Closed Bug 1084495 Opened 6 years ago Closed 6 years ago

[Bluetooth] White screen appears after confirming pairing error

Categories

(Firefox OS Graveyard :: Gaia::System::Window Mgmt, defect)

ARM
Gonk (Firefox OS)
defect
Not set

Tracking

(blocking-b2g:2.1+, b2g-v2.0 unaffected, b2g-v2.1 verified, b2g-v2.2 verified)

VERIFIED FIXED
2.1 S8 (7Nov)
blocking-b2g 2.1+
Tracking Status
b2g-v2.0 --- unaffected
b2g-v2.1 --- verified
b2g-v2.2 --- verified

People

(Reporter: ychung, Assigned: alive)

References

()

Details

(Keywords: regression, Whiteboard: [caf priority: p2][2.1-flame-test-run-3] [CR 754769])

Attachments

(3 files)

Description:
A white screen appears when the user selects "OK" on the pairing error message after pairing timeout takes place.
   
Repro Steps:
1) Update a Flame device to BuildID: 20141017001201.
2) Open Settings > Bluetooth > and search for other devices.
3) Select a device detected.
4) When the pairing request screen appears on both devices, do not select any options.
5) When the pairing times out, select "OK" on the "Unable to pair devices" dialog on DUT.
  
Actual:
A white screen appears.
  
Expected: 
The Bluetooth settings screen reappears.
  
Environmental Variables:
Device: Flame 2.1
BuildID: 20141017001201
Gaia: 1ea74943cfe525c76a074ca1d7de8e51a70f6b98
Gecko: 2befa902ff5c
Gonk: 05aa7b98d3f891b334031dc710d48d0d6b82ec1d
Version: 34.0 (2.1)
Firmware: V180
User Agent: Mozilla/5.0 (Mobile; rv:34.0) Gecko/34.0 Firefox/34.0
  
Repro frequency: 100%
Link to failed test case: https://moztrap.mozilla.org/manage/case/3510/
See attached: video clip, logcat
http://youtu.be/-vCMwk5RQ7k
This issue also reproduces on Flame 2.2:

Flame 2.2 

Device: Flame 2.2 Master KK (319mb) (Full Flash)
BuildID: 20141017040208
Gaia: abef62c0623e5504a97b4fd411e879a67b285b52
Gecko: ae1dfa192faf
Gonk: 52c909e821d107d414f851e267dedcd7aae2cebf
Version: 36.0a1 (2.2 Master)
Firmware: V180
User Agent: Mozilla/5.0 (Mobile; rv:36.0) Gecko/36.0 Firefox/36.0

A white screen appears after pairing timeout > "ok" on error dialog.
==========================================

This issue does NOT reproduce on Flame 2.0:

Flame 2.0

Device: Flame 2.0 KK (319mb) (Full Flash)
BuildID: 20141017000203
Gaia: 9c7dec14e058efef81f2267b724dad0850fc07e4
Gecko: c17df9fe087d
Gonk: 05aa7b98d3f891b334031dc710d48d0d6b82ec1d
Version: 32.0 (2.0)
Firmware: V180
User Agent: Mozilla/5.0 (Mobile; rv:32.0) Gecko/32.0 Firefox/32.0

The Bluetooth settings screen reappears properly after selecting "ok" on the error dialog.
QA Whiteboard: [QAnalyst-Triage?]
Flags: needinfo?(dharris)
See Also: → 1082669
I've noticed this as well.
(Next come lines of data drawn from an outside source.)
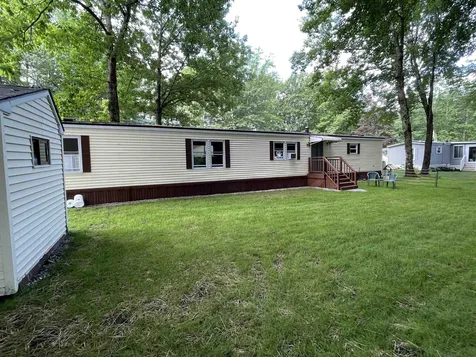 320 Old Lake Shore Road Gilford NH 03249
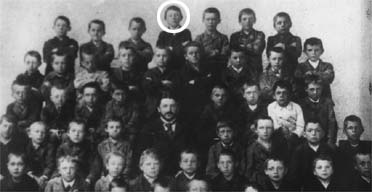 Adolf Hitler (circled) with his fellow pupils at school in Lambach, Austria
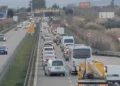 Përplasje makinash zinxhir në aksin Lushnjë-Fier, radhë e gjatë trafiku –
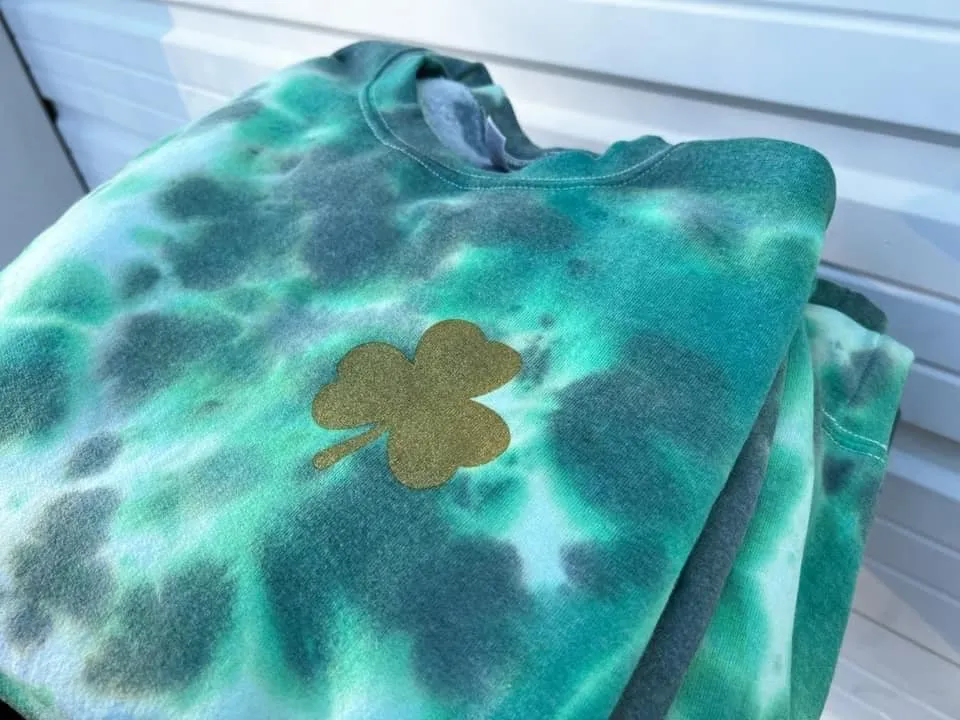 Sweatshirt {GOLD GLITTER SHAMROCK} Shamrock Tie Dye Crew Neck Sweatshirt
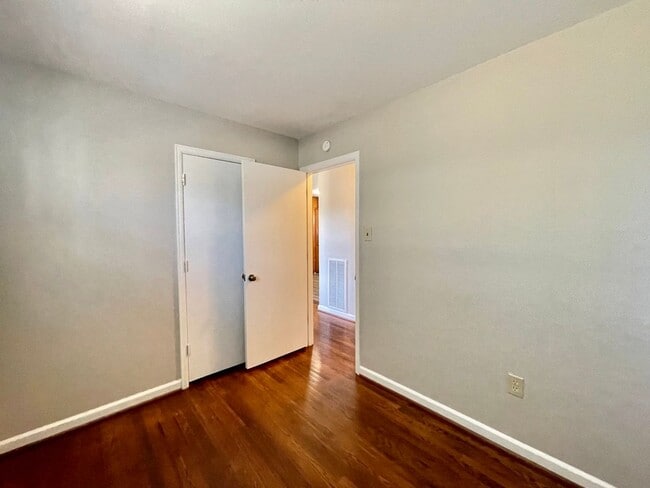 Building Photo - 10500 Chalkley Rd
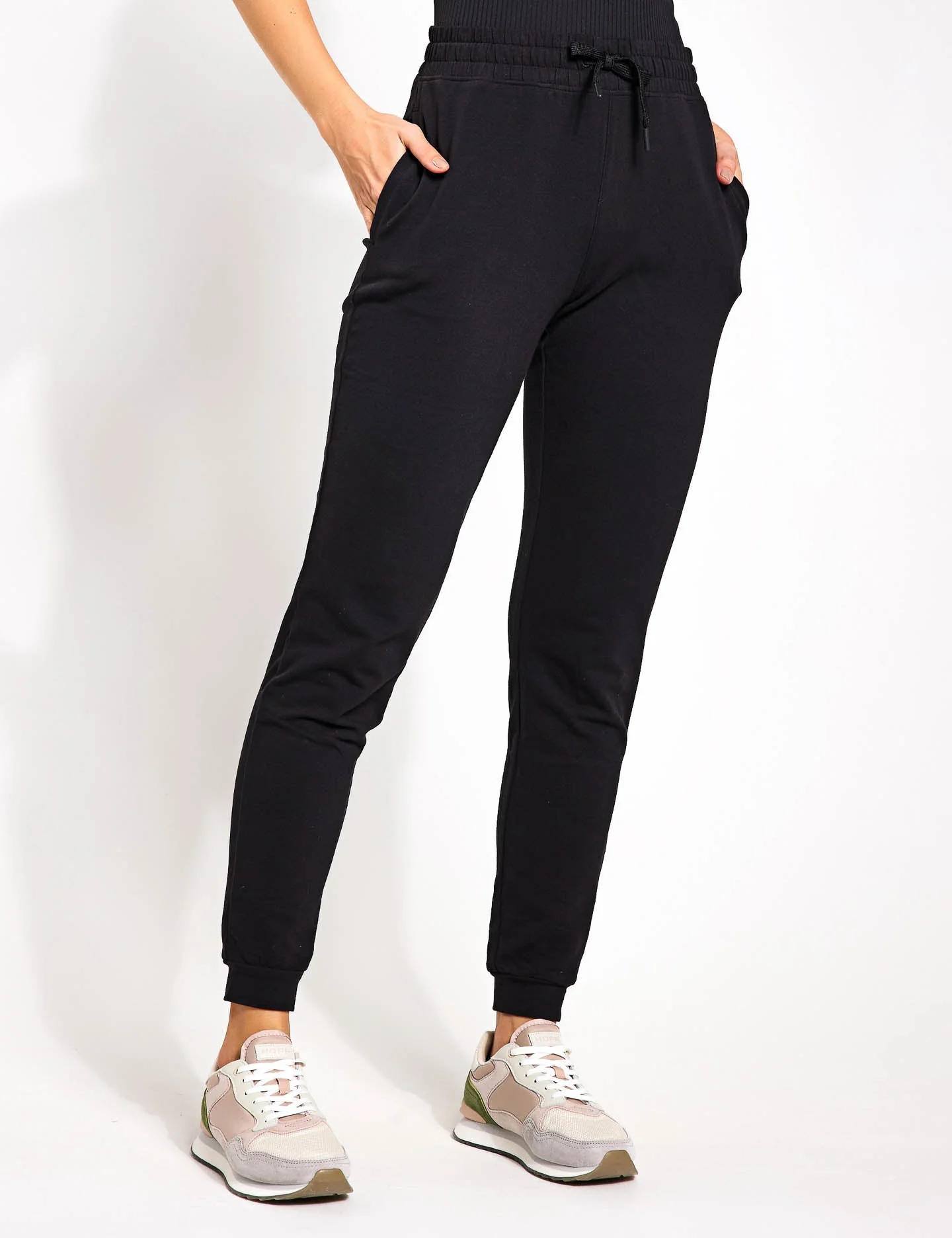 Go Balance Cuffed Yoga Jogger - Black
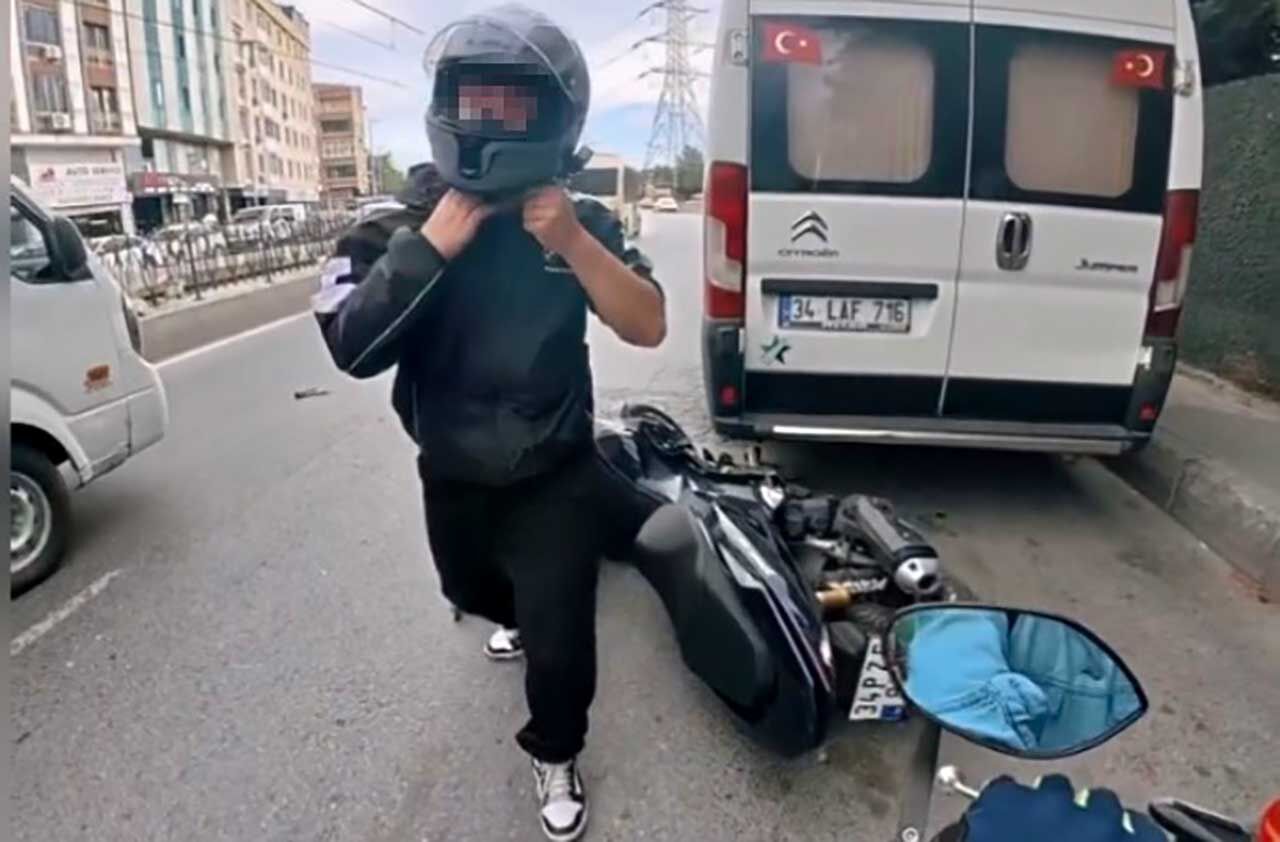 Şerit değiştirirken park halindeki araca ve dolmuşa çarptı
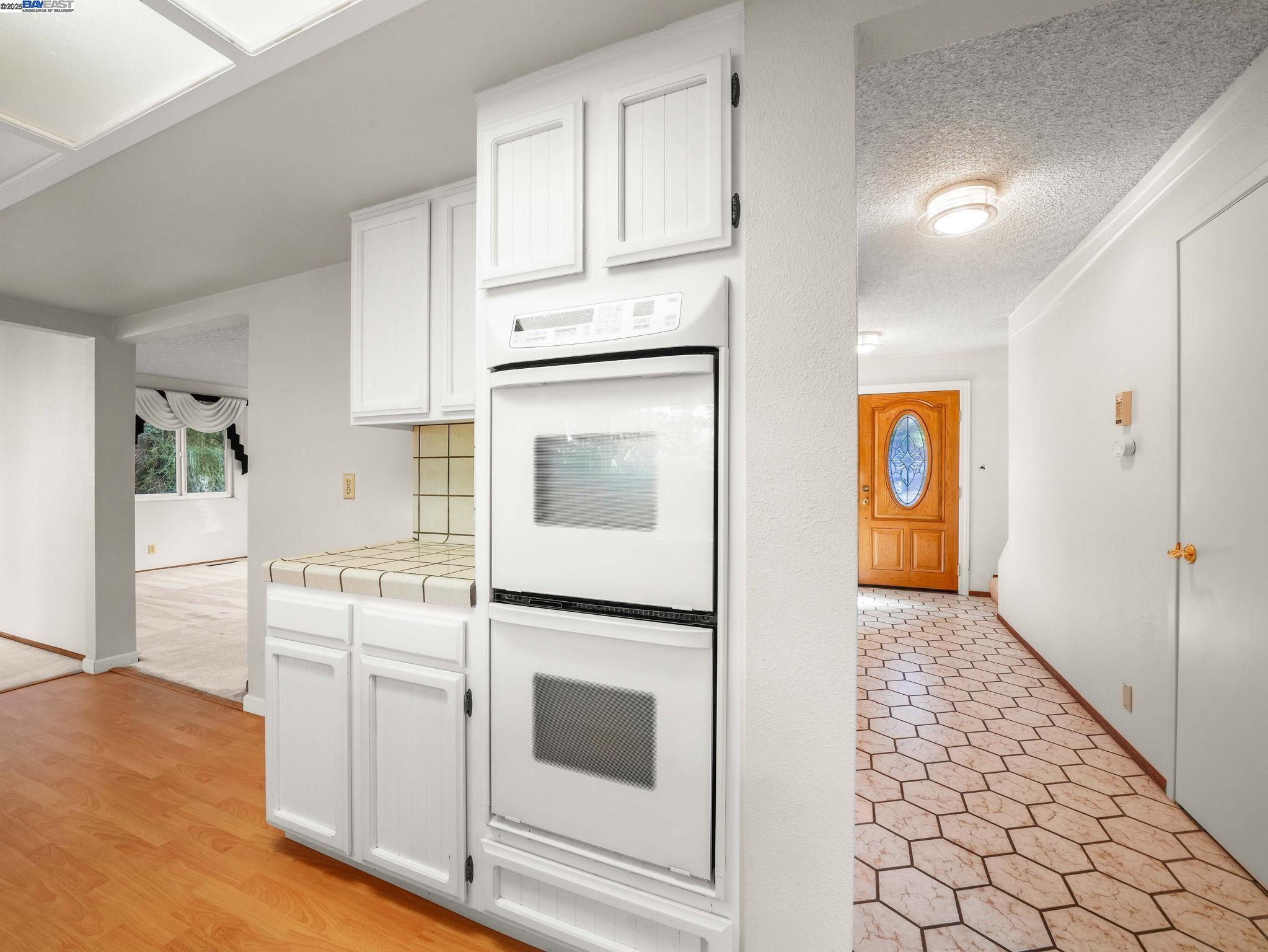 Detail Gallery Image 11 of 50 For 1800 Weir Dr, Hayward,  CA 94541 - 4 Beds | 2/1 Baths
I don't have a logcat or stack trace ATM, but it seemed related to signal observers not being cleaned up correctly. This makes and assertion in Gecko fail, and the screen remains white.
Request regressionwindow-wanted here.
[Blocking Requested - why for this release]:

Nominating this to block for 2.1. If the user times out on the BT pairing page they will get a white screen. This is poor UX, and a regression
blocking-b2g: --- → 2.1?
QA Whiteboard: [QAnalyst-Triage?]
Flags: needinfo?(dharris)
QA Contact: jmercado
Duplicate of this bug: 1087843
I'm able to reproduce the issue on v2.2 with following build version. After the white screen displayed, long press home key to card view. Then, click settings app in card view to go back settings app. The panel will be rendering normally. This is a graphic issue. And I find out a warning log while I go back to settings app from card view.

W/GeckoConsole( 8599): [JavaScript Warning: "Error in parsing value for 'visibility'.  Declaration dropped." {file: "app://system.gaiamobile.org/index.html" line: 0 column: 12 source: "visibility: undefined"}]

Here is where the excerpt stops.